At most airports the 777-300's can be taxied easily without using the camera and taxi procedures are taught without using the camera. On tight taxiways when turning the cameras do a real good job of helping you leave the taxi lights in one piece.

[Edited 2013-06-26 14:25:51]

User currently offlineStarlionblue From Greenland, joined Feb 2004, 17038 posts, RR: 66
Reply 12, posted (1 year 2 months 3 weeks 1 day 3 hours ago) and read 3273 times:

Quoting BoeingGuy (Reply 7):
Quoting Starlionblue (Reply 3):
Quoting BoeingGuy (Reply 1):
The 707, 727, 737 and 787 have basically 1/4 of a steering wheel. It's like steering wheel but only 1/4 of it, so you hold the outside of it.

That's still a tiller actually.

Yes, by technical term, but the thingy on the 747, 757, 767 and 777 really looks like a Tiller so I was describing it as such. The other model ones do look like a 1/4 steering wheel so that's how I described it.

Ah I get it. Well, tillers can look quite different in different vehicles. 

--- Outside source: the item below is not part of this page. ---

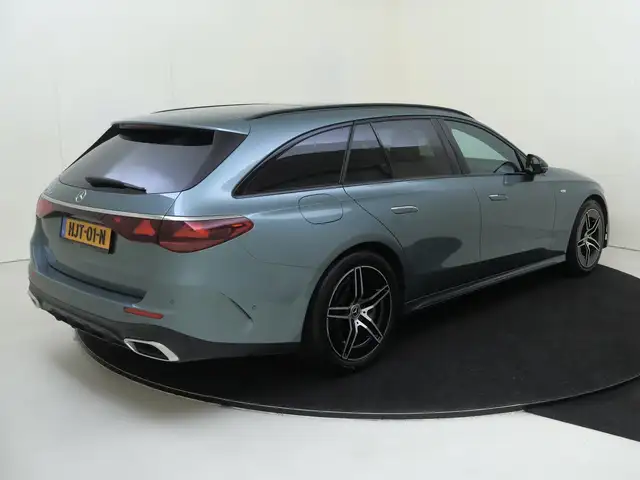Mercedes-Benz E-Class view 4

"There are no stupid questions, but there are a lot of inquisitive idiots."
User currently offlinem1m2 From Canada, joined Dec 2011, 90 posts, RR: 0
Reply 13, posted (1 year 2 months 3 weeks 13 hours ago) and read 3108 times:

I can't speak for large airplanes, but a good frame of reference for the Dash 8 is the Ground range lights. If you keep them on the center line, then you'll most likely be in the right place. As others have said, it comes with practise and different people have different ways of doing it to achieve the same result.